What you give back should match the entries below character for character.

**INPUT DATA**
▶

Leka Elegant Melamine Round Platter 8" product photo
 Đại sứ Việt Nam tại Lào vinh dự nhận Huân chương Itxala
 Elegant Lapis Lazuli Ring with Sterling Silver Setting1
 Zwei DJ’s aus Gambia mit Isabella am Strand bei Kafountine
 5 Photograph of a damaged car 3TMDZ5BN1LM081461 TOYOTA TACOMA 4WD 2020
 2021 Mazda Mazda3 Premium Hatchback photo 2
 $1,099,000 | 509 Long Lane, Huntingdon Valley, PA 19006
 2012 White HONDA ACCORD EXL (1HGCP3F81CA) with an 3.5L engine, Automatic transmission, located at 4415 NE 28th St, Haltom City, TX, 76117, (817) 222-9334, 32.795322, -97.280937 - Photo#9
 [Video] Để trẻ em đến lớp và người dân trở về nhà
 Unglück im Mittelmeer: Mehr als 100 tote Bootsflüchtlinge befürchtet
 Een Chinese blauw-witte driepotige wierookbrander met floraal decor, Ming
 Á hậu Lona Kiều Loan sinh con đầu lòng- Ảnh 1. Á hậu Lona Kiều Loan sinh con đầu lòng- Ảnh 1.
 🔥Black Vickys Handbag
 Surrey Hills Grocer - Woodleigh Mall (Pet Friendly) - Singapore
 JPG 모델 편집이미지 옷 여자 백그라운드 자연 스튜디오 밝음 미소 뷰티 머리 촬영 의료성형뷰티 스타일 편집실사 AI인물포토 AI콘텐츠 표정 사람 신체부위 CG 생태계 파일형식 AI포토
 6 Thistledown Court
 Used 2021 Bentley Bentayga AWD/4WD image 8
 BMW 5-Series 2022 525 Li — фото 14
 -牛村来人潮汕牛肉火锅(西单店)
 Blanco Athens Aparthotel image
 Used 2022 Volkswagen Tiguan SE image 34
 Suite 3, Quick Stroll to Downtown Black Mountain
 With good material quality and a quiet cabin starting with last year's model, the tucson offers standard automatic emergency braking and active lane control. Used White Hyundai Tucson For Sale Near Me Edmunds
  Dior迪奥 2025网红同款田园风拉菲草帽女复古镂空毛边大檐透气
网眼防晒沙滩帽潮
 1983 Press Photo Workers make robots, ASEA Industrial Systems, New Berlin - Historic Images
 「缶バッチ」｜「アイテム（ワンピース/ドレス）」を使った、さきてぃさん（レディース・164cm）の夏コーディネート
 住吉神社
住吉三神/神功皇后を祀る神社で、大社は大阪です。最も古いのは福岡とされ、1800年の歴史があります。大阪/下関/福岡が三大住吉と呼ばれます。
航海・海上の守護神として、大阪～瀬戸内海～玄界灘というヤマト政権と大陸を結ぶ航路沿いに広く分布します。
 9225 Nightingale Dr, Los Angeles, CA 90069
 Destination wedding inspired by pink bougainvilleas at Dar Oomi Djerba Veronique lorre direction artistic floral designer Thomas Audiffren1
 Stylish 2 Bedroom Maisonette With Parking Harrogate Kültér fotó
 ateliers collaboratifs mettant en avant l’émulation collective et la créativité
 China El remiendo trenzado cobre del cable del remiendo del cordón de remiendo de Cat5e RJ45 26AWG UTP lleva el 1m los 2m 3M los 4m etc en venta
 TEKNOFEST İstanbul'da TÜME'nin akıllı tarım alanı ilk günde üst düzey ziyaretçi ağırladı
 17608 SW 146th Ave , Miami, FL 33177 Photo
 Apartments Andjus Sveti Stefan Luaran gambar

◀

**ANSWER FOR THIS EXERCISE**
Leka Elegant Melamine Round Platter 8" product photo
 Đại sứ Việt Nam tại Lào vinh dự nhận Huân chương Itxala
 Elegant Lapis Lazuli Ring with Sterling Silver Setting1
 Zwei DJ’s aus Gambia mit Isabella am Strand bei Kafountine
 5 Photograph of a damaged car 3TMDZ5BN1LM081461 TOYOTA TACOMA 4WD 2020
 2021 Mazda Mazda3 Premium Hatchback photo 2
 $1,099,000 | 509 Long Lane, Huntingdon Valley, PA 19006
 2012 White HONDA ACCORD EXL (1HGCP3F81CA) with an 3.5L engine, Automatic transmission, located at 4415 NE 28th St, Haltom City, TX, 76117, (817) 222-9334, 32.795322, -97.280937 - Photo#9
 [Video] Để trẻ em đến lớp và người dân trở về nhà
 Unglück im Mittelmeer: Mehr als 100 tote Bootsflüchtlinge befürchtet
 Een Chinese blauw-witte driepotige wierookbrander met floraal decor, Ming
 Á hậu Lona Kiều Loan sinh con đầu lòng- Ảnh 1. Á hậu Lona Kiều Loan sinh con đầu lòng- Ảnh 1.
 🔥Black Vickys Handbag
 Surrey Hills Grocer - Woodleigh Mall (Pet Friendly) - Singapore
 JPG 모델 편집이미지 옷 여자 백그라운드 자연 스튜디오 밝음 미소 뷰티 머리 촬영 의료성형뷰티 스타일 편집실사 AI인물포토 AI콘텐츠 표정 사람 신체부위 CG 생태계 파일형식 AI포토
 6 Thistledown Court
 Used 2021 Bentley Bentayga AWD/4WD image 8
 BMW 5-Series 2022 525 Li — фото 14
 -牛村来人潮汕牛肉火锅(西单店)
 Blanco Athens Aparthotel image
 Used 2022 Volkswagen Tiguan SE image 34
 Suite 3, Quick Stroll to Downtown Black Mountain
 With good material quality and a quiet cabin starting with last year's model, the tucson offers standard automatic emergency braking and active lane control. Used White Hyundai Tucson For Sale Near Me Edmunds
  Dior迪奥 2025网红同款田园风拉菲草帽女复古镂空毛边大檐透气
网眼防晒沙滩帽潮
 1983 Press Photo Workers make robots, ASEA Industrial Systems, New Berlin - Historic Images
 「缶バッチ」｜「アイテム（ワンピース/ドレス）」を使った、さきてぃさん（レディース・164cm）の夏コーディネート
 住吉神社
住吉三神/神功皇后を祀る神社で、大社は大阪です。最も古いのは福岡とされ、1800年の歴史があります。大阪/下関/福岡が三大住吉と呼ばれます。
航海・海上の守護神として、大阪～瀬戸内海～玄界灘というヤマト政権と大陸を結ぶ航路沿いに広く分布します。
 9225 Nightingale Dr, Los Angeles, CA 90069
 Destination wedding inspired by pink bougainvilleas at Dar Oomi Djerba Veronique lorre direction artistic floral designer Thomas Audiffren1
 Stylish 2 Bedroom Maisonette With Parking Harrogate Kültér fotó
 ateliers collaboratifs mettant en avant l’émulation collective et la créativité
 China El remiendo trenzado cobre del cable del remiendo del cordón de remiendo de Cat5e RJ45 26AWG UTP lleva el 1m los 2m 3M los 4m etc en venta
 TEKNOFEST İstanbul'da TÜME'nin akıllı tarım alanı ilk günde üst düzey ziyaretçi ağırladı
 17608 SW 146th Ave , Miami, FL 33177 Photo
 Apartments Andjus Sveti Stefan Luaran gambar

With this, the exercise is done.